Scraped caption text data:
══════════
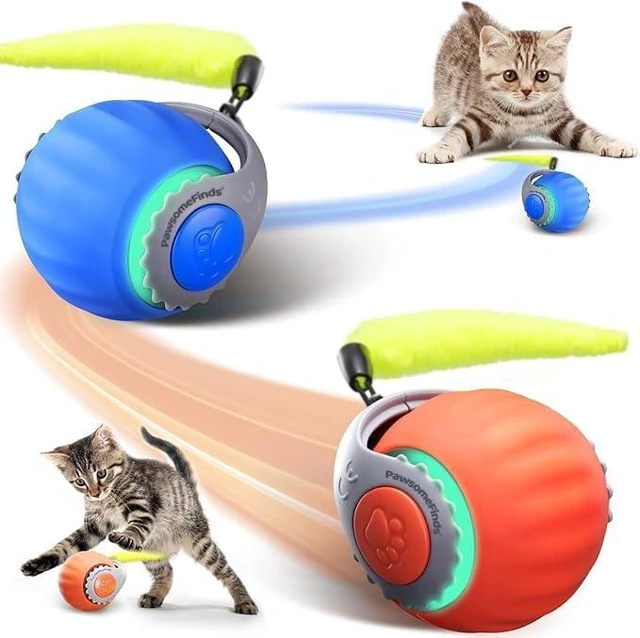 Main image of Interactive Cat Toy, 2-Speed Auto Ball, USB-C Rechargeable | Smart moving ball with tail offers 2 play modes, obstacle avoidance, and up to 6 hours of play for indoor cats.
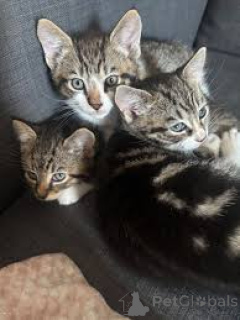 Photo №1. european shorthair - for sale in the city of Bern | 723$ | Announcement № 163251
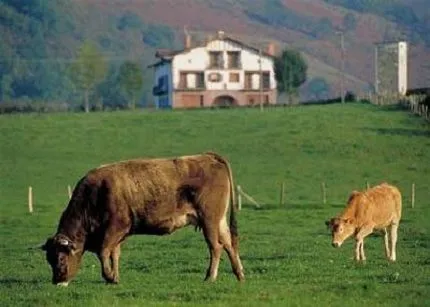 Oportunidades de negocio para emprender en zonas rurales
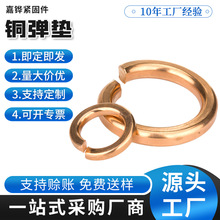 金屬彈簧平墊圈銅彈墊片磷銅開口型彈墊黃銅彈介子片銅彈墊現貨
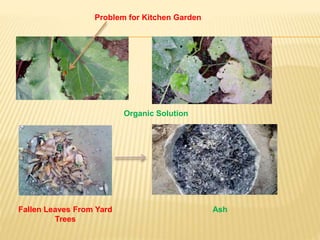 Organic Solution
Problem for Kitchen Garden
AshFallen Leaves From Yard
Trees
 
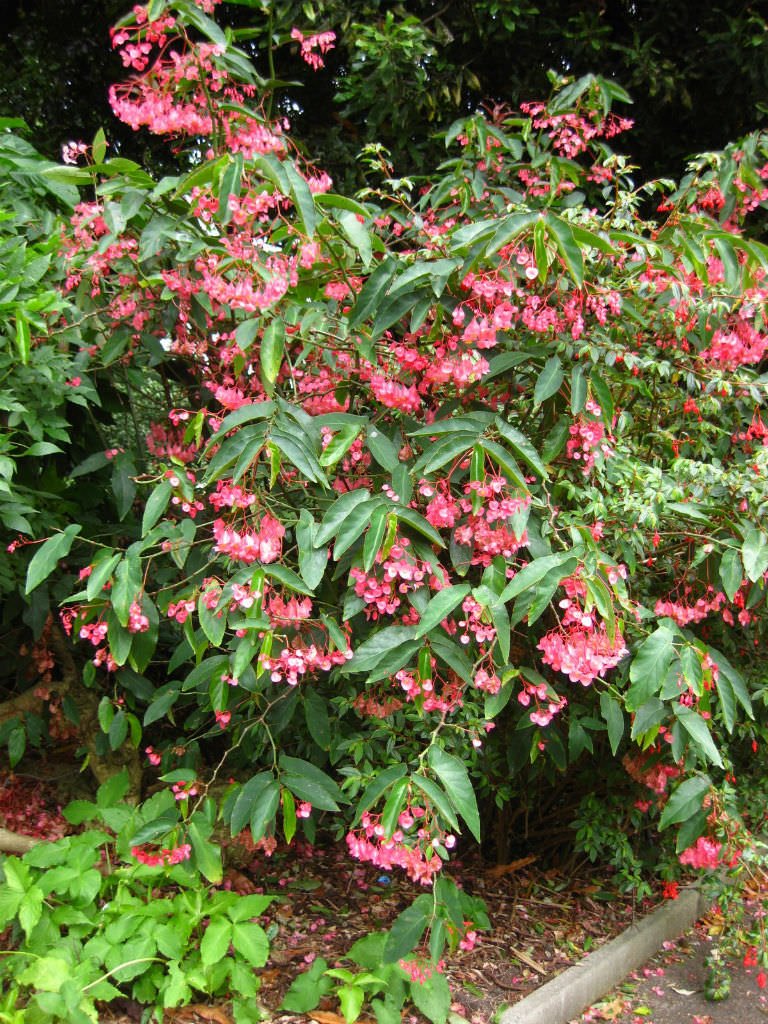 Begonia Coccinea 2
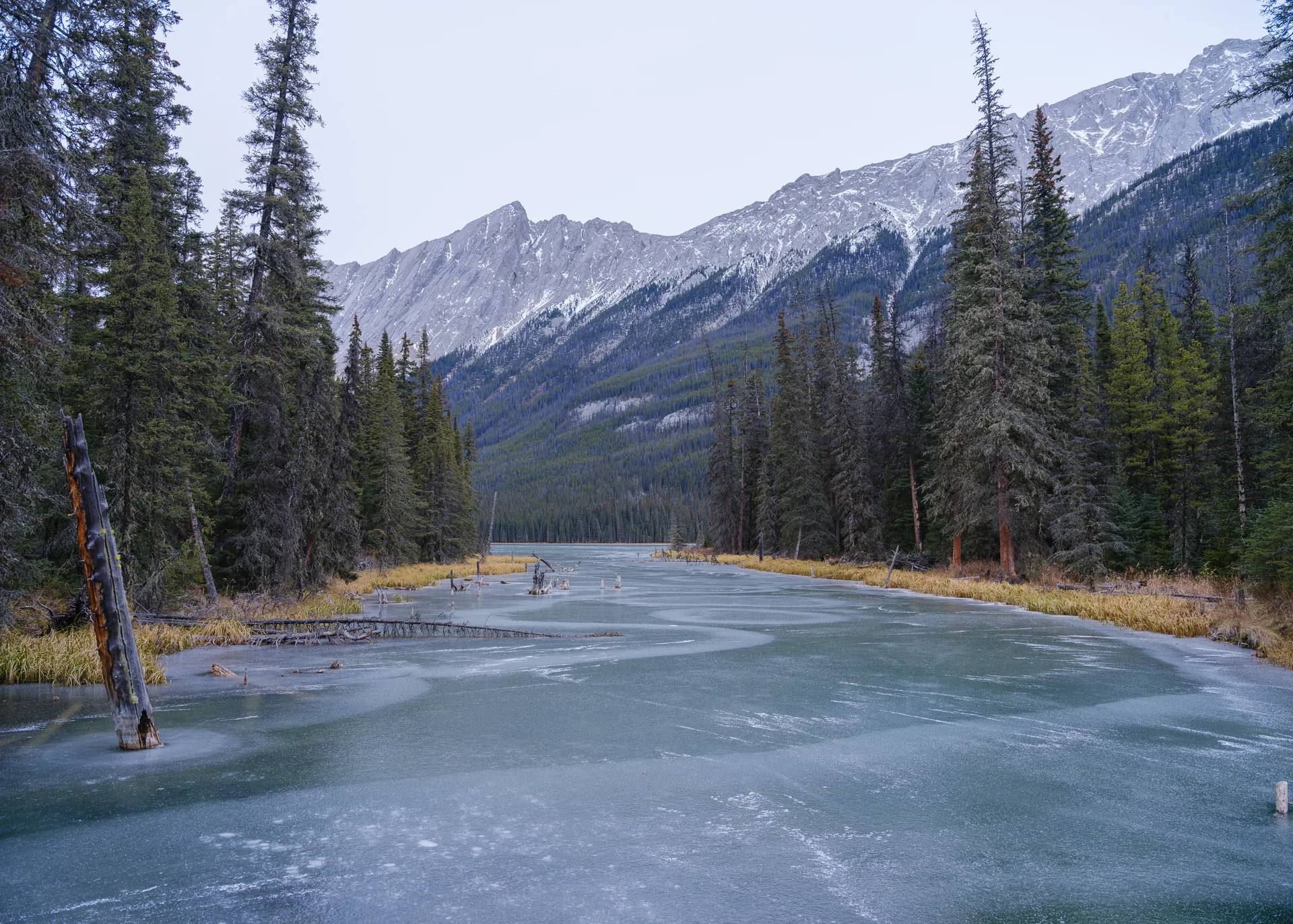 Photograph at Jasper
══════════
> _ACTION ITEM_
Reproduce the data word for word; no pictures.

> _RESPONSE FOR THIS EXERCISE_
 Main image of Interactive Cat Toy, 2-Speed Auto Ball, USB-C Rechargeable | Smart moving ball with tail offers 2 play modes, obstacle avoidance, and up to 6 hours of play for indoor cats.
 Photo №1. european shorthair - for sale in the city of Bern | 723$ | Announcement № 163251
 Oportunidades de negocio para emprender en zonas rurales
 金屬彈簧平墊圈銅彈墊片磷銅開口型彈墊黃銅彈介子片銅彈墊現貨
 Organic Solution
Problem for Kitchen Garden
AshFallen Leaves From Yard
Trees
 
 Begonia Coccinea 2
 Photograph at Jasper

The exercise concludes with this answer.